The "Doomsday Argument" gets a good bit of ink in peer-reviewed journals (including one paper by me "Sorting out the Anti-Doomsday Arguments"). High level journals in physics, statistics, philosophy, and the general science biggies Nature and Science, and even one book. It's still not refuted. Just try to find a peer-reviewed paper is a slam-dunk refutation.

It proven to be a bit of a tar-baby, many have thought it easy to conquer, but none have succeeded in publishing the definitive refutation in a peer-reviewed journal.

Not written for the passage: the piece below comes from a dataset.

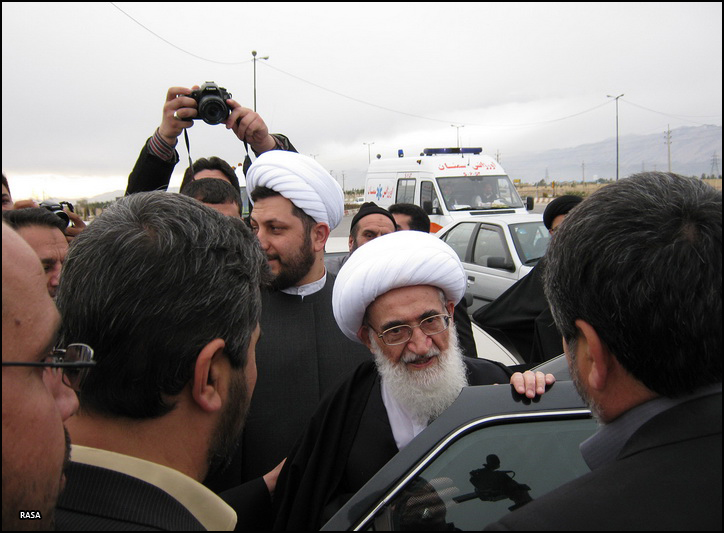 Ayatollah Nouri Hamedani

I am reluctant to accept blog articles for this one. If you think its so obviously wrong, then I suggest you try to write that definitive refutation. And, good luck on that one :)

Tom Adams said...

I guess I should try to refute your blog.

I assume you admit that the doomsday argument works for the urn model, since everyone else does.

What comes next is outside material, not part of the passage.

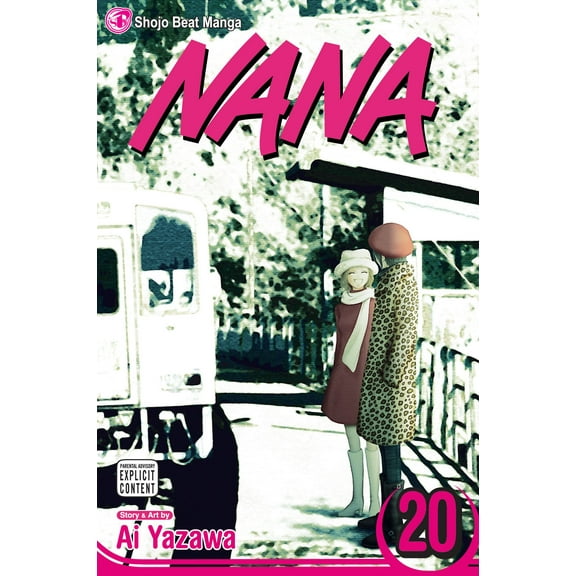 Nana: Nana, Vol. 20 (Series #20) (Paperback)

The urn model: You have 2 identical looking urns, one with a million consequetively numbers balls (1,2,3,...) and one with 1. You pick an urn at random and take a random ball from it, the ball reads 7. You are pretty sure you picked the urn with 10 balls, huh?

So just tack on "But it works for the urn model." to the end of your blog. QED, you got nothing.

It can call it Baysean, frequentist, Babtist, or Freudian. You still have to explain why it works for the urn model and not for the human situation.

James Annan said...


Your presentation of "the urn model" appears garbled (million balls or 10?). Can you clarify what you really mean? Note that in your case you have defined the prior (assuming you use "pick at random" to mean equal prior probability for each urn) and there is no possible paradox.

The whole thing turns on the prior!

Tom Adams said...

I did make an error, the correct urn model is: 2 urns, 1 with 1,000,000 balls, 1 with 10 balls. You pick an urn at random and you get a ball with 7 on it. Therefore, it's a good guess you picked the urn with 10 balls. I do mean an equal prior.

I don't think the urn model itself leads to a paradox. But applying the same reasoning as in the Doomsday argument does leads to a paradox, a counter-intuitive result, on the face of it, at least.

Tom Adams said...

I'm a little slow on the uptake.

You're point is that the urn model is different from the Doomsday Argument. The urn model has a known prior and the Doomsday argument does not.

The proponents of the Doomsday argument counter by saying that there must be a probabilty shift if learn that you are the 60 billionth human. In other words, if you had a prior, then you would have to shift it if you learned this fact. (Actually it's not really a counter, more of staking out a new position.)